| Your objective |
Everything from the top of the data below through the line with "Silla, Chrom, Armatur, Bad, Spültischarmatur, Wasserhahn" should be duplicated exactly, and nothing past it.

= Beginning of Section =

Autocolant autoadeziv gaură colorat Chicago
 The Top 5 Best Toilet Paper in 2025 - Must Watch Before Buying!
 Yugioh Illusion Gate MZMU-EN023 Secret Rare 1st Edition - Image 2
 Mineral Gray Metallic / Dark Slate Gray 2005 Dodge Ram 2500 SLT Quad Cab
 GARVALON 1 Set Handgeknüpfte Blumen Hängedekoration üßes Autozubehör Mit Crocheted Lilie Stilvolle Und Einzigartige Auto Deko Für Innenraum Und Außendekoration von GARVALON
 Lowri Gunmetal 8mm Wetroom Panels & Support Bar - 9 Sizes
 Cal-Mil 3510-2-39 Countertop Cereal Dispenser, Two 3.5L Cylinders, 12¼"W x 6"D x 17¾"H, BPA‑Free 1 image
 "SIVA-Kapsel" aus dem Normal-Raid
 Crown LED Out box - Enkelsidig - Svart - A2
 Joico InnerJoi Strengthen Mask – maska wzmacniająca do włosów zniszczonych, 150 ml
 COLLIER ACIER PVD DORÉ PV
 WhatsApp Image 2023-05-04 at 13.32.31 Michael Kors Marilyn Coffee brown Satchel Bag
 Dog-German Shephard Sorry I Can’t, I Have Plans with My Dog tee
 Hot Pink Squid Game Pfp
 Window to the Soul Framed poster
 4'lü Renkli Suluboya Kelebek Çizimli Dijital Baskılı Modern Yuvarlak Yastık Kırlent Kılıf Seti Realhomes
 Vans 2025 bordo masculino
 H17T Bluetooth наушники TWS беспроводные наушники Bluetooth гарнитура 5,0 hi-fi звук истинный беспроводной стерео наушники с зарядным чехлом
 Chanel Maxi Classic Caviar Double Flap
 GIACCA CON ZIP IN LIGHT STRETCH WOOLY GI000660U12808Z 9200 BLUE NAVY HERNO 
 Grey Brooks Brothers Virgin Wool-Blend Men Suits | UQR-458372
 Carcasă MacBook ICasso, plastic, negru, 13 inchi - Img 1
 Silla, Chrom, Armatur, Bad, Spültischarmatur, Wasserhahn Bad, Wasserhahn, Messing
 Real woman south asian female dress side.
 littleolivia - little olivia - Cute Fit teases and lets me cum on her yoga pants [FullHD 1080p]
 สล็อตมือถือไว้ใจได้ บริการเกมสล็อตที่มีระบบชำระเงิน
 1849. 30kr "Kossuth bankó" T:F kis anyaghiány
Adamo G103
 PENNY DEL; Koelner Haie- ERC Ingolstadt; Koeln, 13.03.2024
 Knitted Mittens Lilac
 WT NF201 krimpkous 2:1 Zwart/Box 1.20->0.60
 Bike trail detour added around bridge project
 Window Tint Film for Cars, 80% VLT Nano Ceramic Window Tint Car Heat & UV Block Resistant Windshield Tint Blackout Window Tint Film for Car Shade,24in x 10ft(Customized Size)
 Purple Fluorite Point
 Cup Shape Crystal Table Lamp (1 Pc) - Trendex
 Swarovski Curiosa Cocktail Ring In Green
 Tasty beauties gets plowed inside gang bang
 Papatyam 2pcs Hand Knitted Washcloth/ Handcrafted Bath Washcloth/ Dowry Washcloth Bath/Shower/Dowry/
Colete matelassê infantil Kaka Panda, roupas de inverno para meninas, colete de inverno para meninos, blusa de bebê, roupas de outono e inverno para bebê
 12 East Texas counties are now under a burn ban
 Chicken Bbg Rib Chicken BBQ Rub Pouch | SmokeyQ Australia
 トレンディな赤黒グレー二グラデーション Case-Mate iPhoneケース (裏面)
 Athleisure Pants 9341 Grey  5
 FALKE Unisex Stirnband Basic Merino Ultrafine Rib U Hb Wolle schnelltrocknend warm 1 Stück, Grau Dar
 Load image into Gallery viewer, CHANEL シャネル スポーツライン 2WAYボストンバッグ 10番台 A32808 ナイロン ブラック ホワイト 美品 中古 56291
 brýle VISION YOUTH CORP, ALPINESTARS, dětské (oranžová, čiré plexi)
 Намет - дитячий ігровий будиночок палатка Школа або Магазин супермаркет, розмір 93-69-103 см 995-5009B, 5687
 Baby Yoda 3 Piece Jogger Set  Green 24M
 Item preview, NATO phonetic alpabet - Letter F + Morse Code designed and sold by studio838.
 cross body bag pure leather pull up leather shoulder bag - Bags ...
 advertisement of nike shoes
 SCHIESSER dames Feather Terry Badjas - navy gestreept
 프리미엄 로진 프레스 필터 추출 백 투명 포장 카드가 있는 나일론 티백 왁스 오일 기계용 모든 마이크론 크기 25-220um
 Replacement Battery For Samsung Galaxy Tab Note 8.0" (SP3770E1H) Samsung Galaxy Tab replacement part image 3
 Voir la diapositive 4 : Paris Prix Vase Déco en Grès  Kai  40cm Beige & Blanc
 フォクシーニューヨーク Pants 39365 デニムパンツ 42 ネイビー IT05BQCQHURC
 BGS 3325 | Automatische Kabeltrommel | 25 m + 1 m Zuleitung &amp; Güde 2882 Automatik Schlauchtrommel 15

= End of Section =

| Expected output |
Autocolant autoadeziv gaură colorat Chicago
 The Top 5 Best Toilet Paper in 2025 - Must Watch Before Buying!
 Yugioh Illusion Gate MZMU-EN023 Secret Rare 1st Edition - Image 2
 Mineral Gray Metallic / Dark Slate Gray 2005 Dodge Ram 2500 SLT Quad Cab
 GARVALON 1 Set Handgeknüpfte Blumen Hängedekoration üßes Autozubehör Mit Crocheted Lilie Stilvolle Und Einzigartige Auto Deko Für Innenraum Und Außendekoration von GARVALON
 Lowri Gunmetal 8mm Wetroom Panels & Support Bar - 9 Sizes
 Cal-Mil 3510-2-39 Countertop Cereal Dispenser, Two 3.5L Cylinders, 12¼"W x 6"D x 17¾"H, BPA‑Free 1 image
 "SIVA-Kapsel" aus dem Normal-Raid
 Crown LED Out box - Enkelsidig - Svart - A2
 Joico InnerJoi Strengthen Mask – maska wzmacniająca do włosów zniszczonych, 150 ml
 COLLIER ACIER PVD DORÉ PV
 WhatsApp Image 2023-05-04 at 13.32.31 Michael Kors Marilyn Coffee brown Satchel Bag
 Dog-German Shephard Sorry I Can’t, I Have Plans with My Dog tee
 Hot Pink Squid Game Pfp
 Window to the Soul Framed poster
 4'lü Renkli Suluboya Kelebek Çizimli Dijital Baskılı Modern Yuvarlak Yastık Kırlent Kılıf Seti Realhomes
 Vans 2025 bordo masculino
 H17T Bluetooth наушники TWS беспроводные наушники Bluetooth гарнитура 5,0 hi-fi звук истинный беспроводной стерео наушники с зарядным чехлом
 Chanel Maxi Classic Caviar Double Flap
 GIACCA CON ZIP IN LIGHT STRETCH WOOLY GI000660U12808Z 9200 BLUE NAVY HERNO 
 Grey Brooks Brothers Virgin Wool-Blend Men Suits | UQR-458372
 Carcasă MacBook ICasso, plastic, negru, 13 inchi - Img 1
 Silla, Chrom, Armatur, Bad, Spültischarmatur, Wasserhahn Bad, Wasserhahn, Messing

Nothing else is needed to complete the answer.